[Dataset records]
----
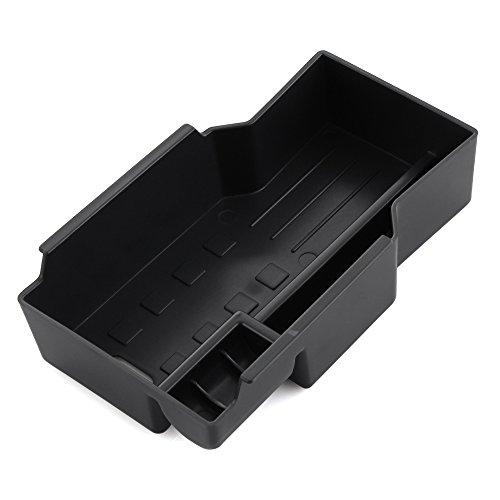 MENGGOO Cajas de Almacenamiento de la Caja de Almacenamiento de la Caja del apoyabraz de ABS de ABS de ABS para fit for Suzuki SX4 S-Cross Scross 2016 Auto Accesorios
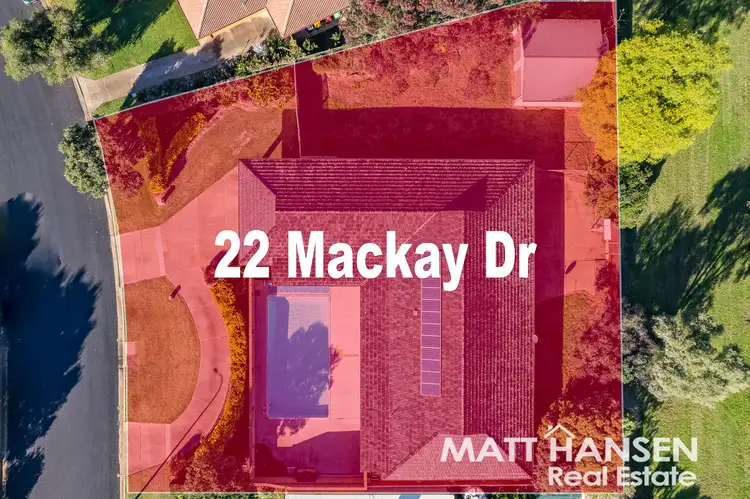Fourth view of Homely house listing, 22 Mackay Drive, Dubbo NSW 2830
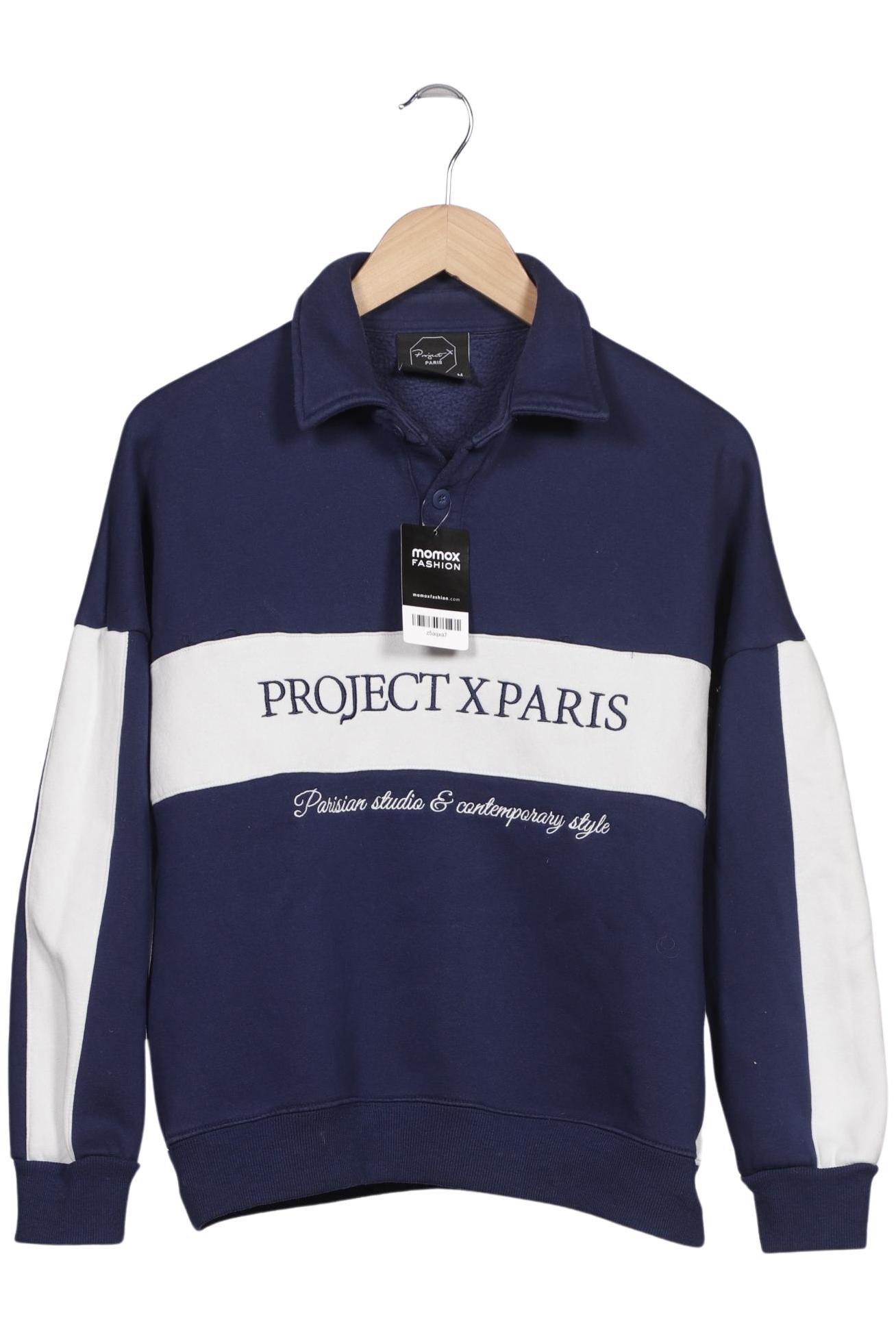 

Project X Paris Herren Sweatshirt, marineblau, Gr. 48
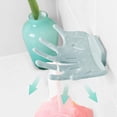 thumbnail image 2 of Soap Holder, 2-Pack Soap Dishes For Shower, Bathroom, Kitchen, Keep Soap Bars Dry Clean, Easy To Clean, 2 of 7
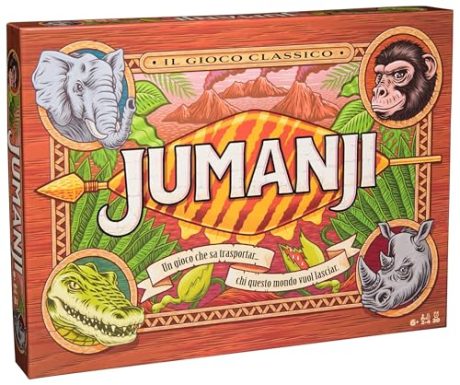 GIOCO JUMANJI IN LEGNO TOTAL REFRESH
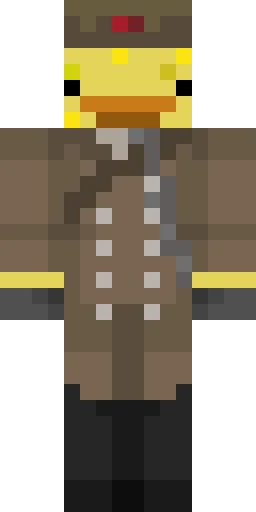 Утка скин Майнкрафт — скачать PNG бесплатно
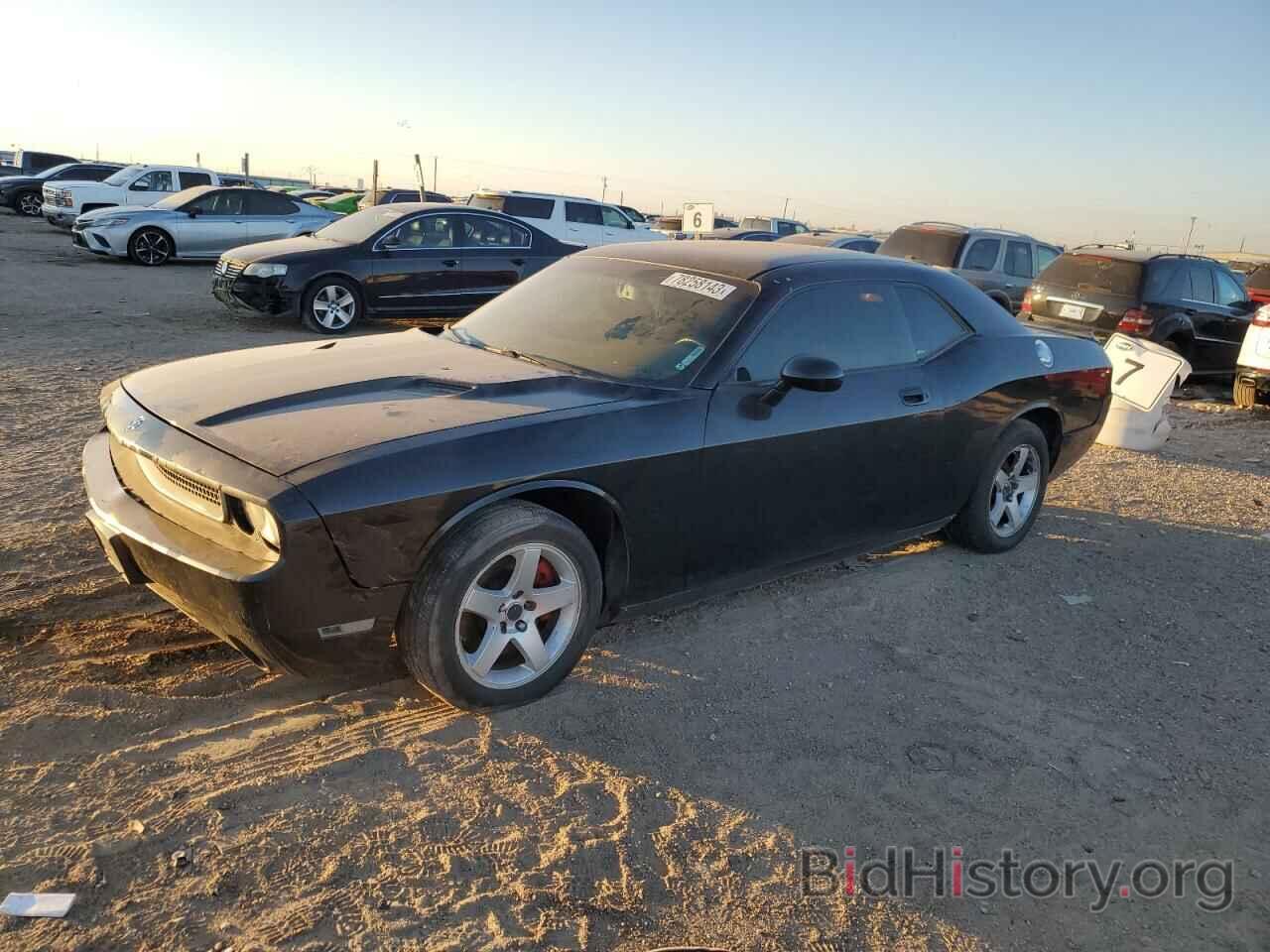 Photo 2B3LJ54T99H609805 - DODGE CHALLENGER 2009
----
*What the task requires*. The copy should hold exactly the lines from the line containing "thumbnail image 2" through the end of the data, both ends included, and no pictures.

*Result of the task*.
 thumbnail image 2 of Soap Holder, 2-Pack Soap Dishes For Shower, Bathroom, Kitchen, Keep Soap Bars Dry Clean, Easy To Clean, 2 of 7
 GIOCO JUMANJI IN LEGNO TOTAL REFRESH
 Утка скин Майнкрафт — скачать PNG бесплатно
 Photo 2B3LJ54T99H609805 - DODGE CHALLENGER 2009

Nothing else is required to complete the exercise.